Slate on the family dinner: http://www.slate.com/id/2195143

5 thoughts on “Dinner Dilemma

  1. We’re in the same boat … we all managed eat together tonight (late at 6:30), but there were literally three different meals on the table … of course, that’s a story for another post!

  2. So right, Kathleen! The issue of how to get everyone eating the same thing seems like a whole different hurdle.

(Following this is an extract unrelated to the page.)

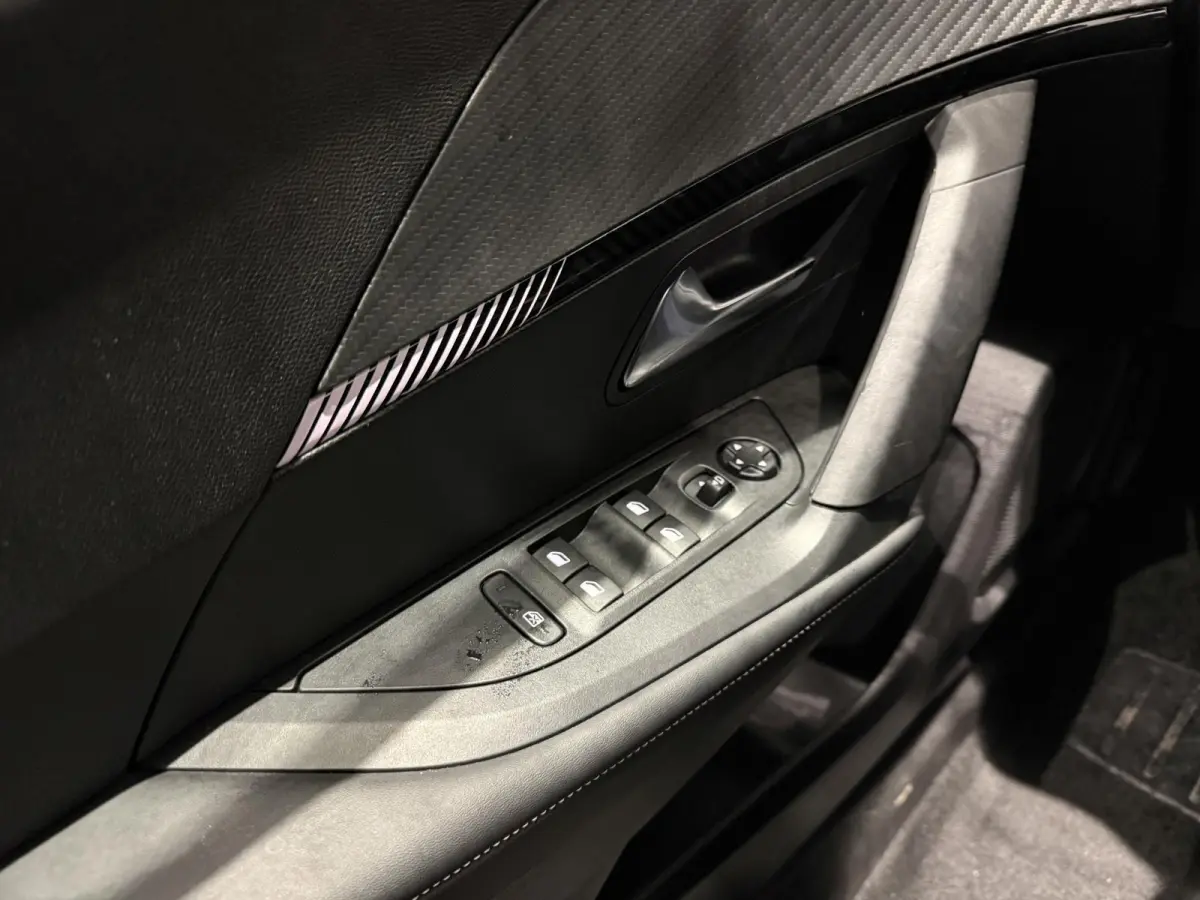 1.2 Hybrid 145 Allure | APPLE CARPLAY & ANDROID AUTO | CAMERA VOOR + ACHTER | DEMO AUTO BEL VOOR ACTUELE KM-STAND |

  3. Fronelle – Good one! We are just now there – with ages 5 and 8. I went to a bowls system that a pediatric nutritionist recommended a year or so ago in a seminar she did at our school. It generates a lot of dishes – but the deal is that you put 3-4 bowls of good food on the table and shut up. She even recommends always serving bread, but I don’t. I’d eat it all! Then, if the child takes only one item or all four, you get over it. Then, the dinner becomes about being there, together, and not about cajoling them into eating (and creating control issues around food – which backfire in the older years). I don’t do it every night and have exactly the same issues you outlined (and the cocktail to go with them). When I do this, I am still serving three to four very basic things – pasta, turkey meatballs, cheese, sauce, steamed broccoli. Recipes continue to elude me. We still eat after them on trays in front of some bad TV show about 2-3 nights a week. So Archie and Edith.